Unlike other fictional mothers in the television universe, Lois’ world revolves around her children. Rachel Green from Friends may coast through life by putting her (awake) baby down for a nap and ambling out of her apartment (sans baby) five seconds later, but Lois, like real world mothers, does not have unicorn children. She strives for discipline, demands good manners, expects respect, cleans up cuts, manages to elicit a smile from everyone for a family photo, and even attempts to bond with other school mothers over an ill-fated plate of brownies.
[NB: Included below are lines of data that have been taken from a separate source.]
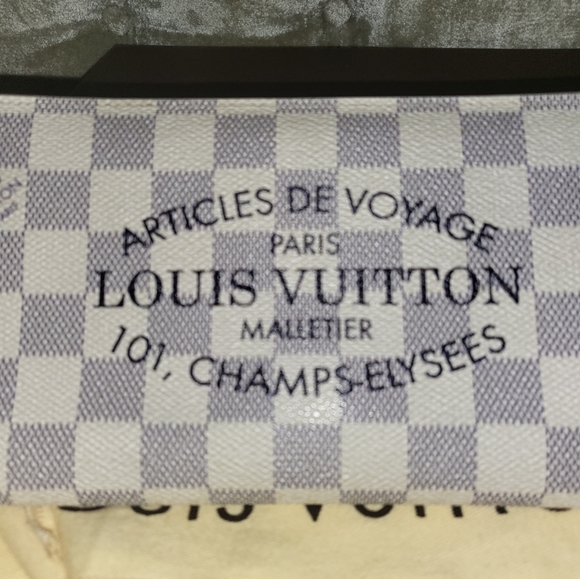 (SOLD)Authentic Louis Vuitton Azur Insolite wallet - Picture 11 of 16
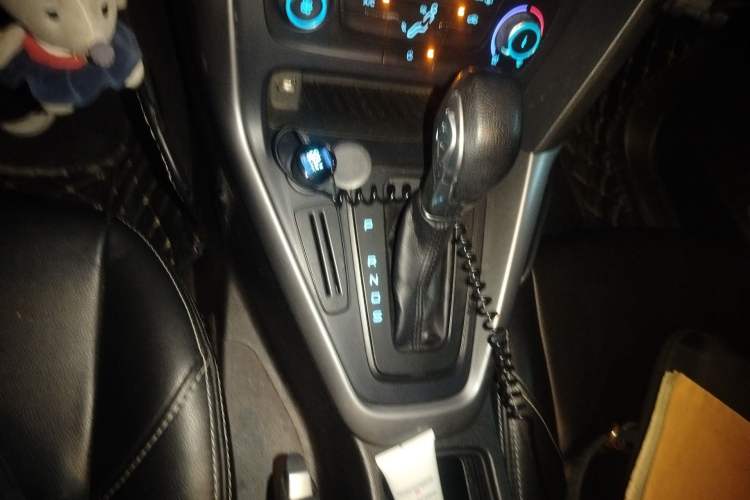Used Ford Focus 2017 Hatchback 1.6L Automatic Comfort Plus SmartDrive Edition Gear Lever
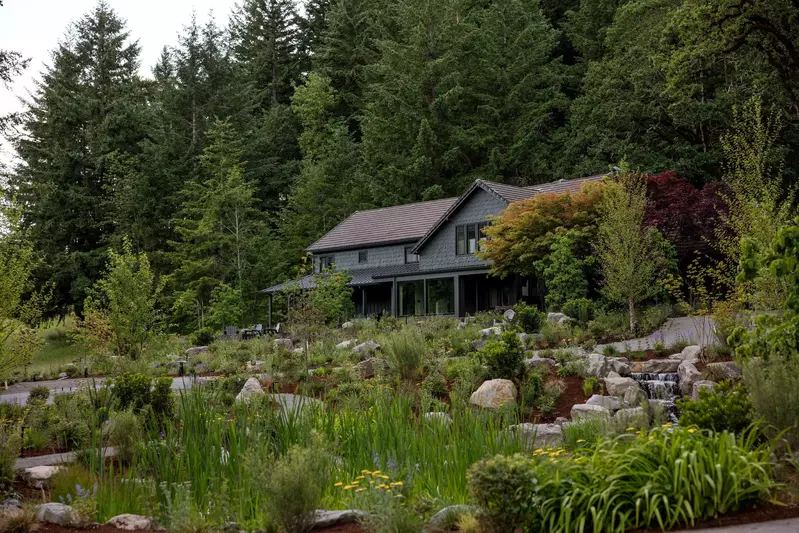 The Carly Fern Lodge is part of the gorgeous Carly Estate in Carlton, Oregon.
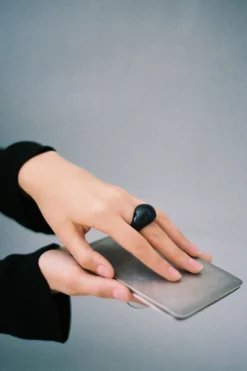 Jewellery*St. Agni Somni Ring - Black - Black - By Ayllón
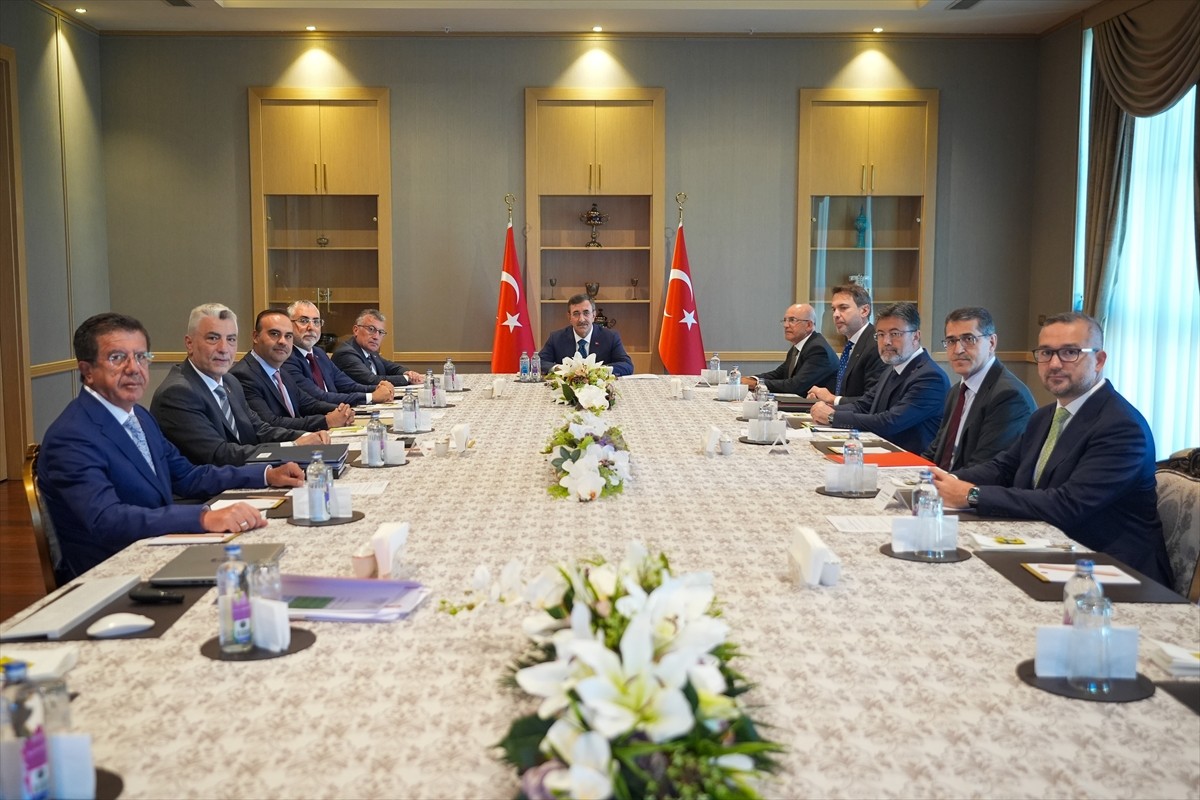 Ekonomi Koordinasyon Kurulu (EKK), Cumhurbaşkanı Yardımcısı Cevdet Yılmaz'ın başkanlığında...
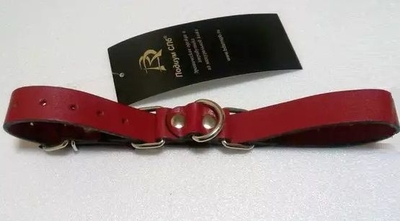Красные ременные наручники с полукольцом - фото, цены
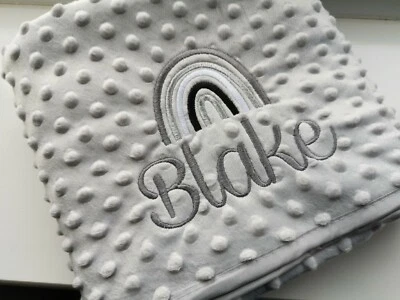 SOFT TOUCH PERSONALISIERTE BESTICKTE GRÜBCHEN BABYDECKE GRAU ROSA BLAU ROT REGENBOGEN GESCHENK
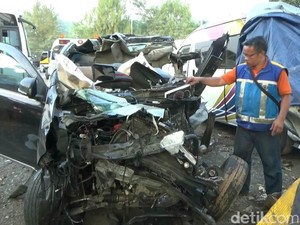 Minibus Seruduk Truk di Tol Cipularang, 2 Warga Jateng Tewas
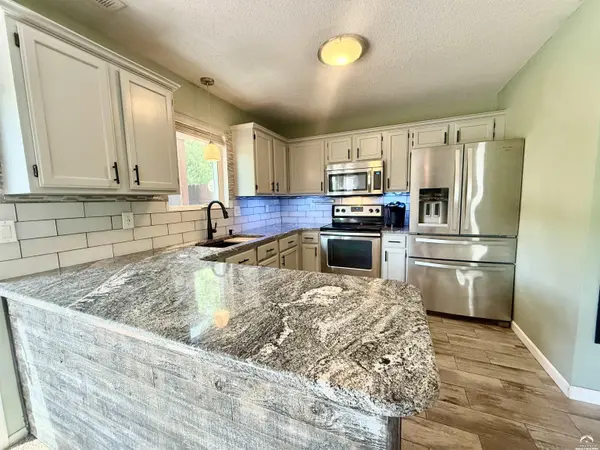 2603 Winterbrook DR, Lawrence, KS 66047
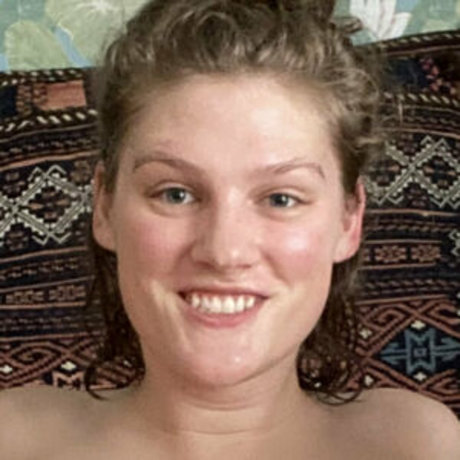 Naken lekkede OnlyFans-bilde av Somelittlecrumbs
Remarkably, she does not murder anyone when one of the mothers bins her loving brownies for defying school allergy rules. Instead, Lois delivers a piece of her mind to every one of these smug mothers and walks away with her head held high and self-esteem intact. In a world of women who need writer Donna Ashcroft to validate their feelings in cute screenshots, Lois is our secret spirit animal.
Like the rest of us, she also houses a junk closet overflowing with a mountain of stuff. In a fit of rage cleaning, she tosses it all out and is rewarded for her efforts: underneath this volcano of junk lies a secret functioning toilet that no one ever realised they had. Almost choking back the tears, Lois and husband Hal realise they have a place of refuge in this bungalow containing just one family bathroom. It is one of the best moments of their lives, and sensibly, they do not let the boys in on their secret.
At the end of the day, this is what set Malcolm in the Middle apart in a universe full of dazzling good looks (Friends) and legendary suits (How I Met Your Mother). This is the real life crazy escapism we all want on television. We want to see that others, too, hide their junk in a closet, and that a secret toilet merits celebration. This is our tribe. Bring on that revival.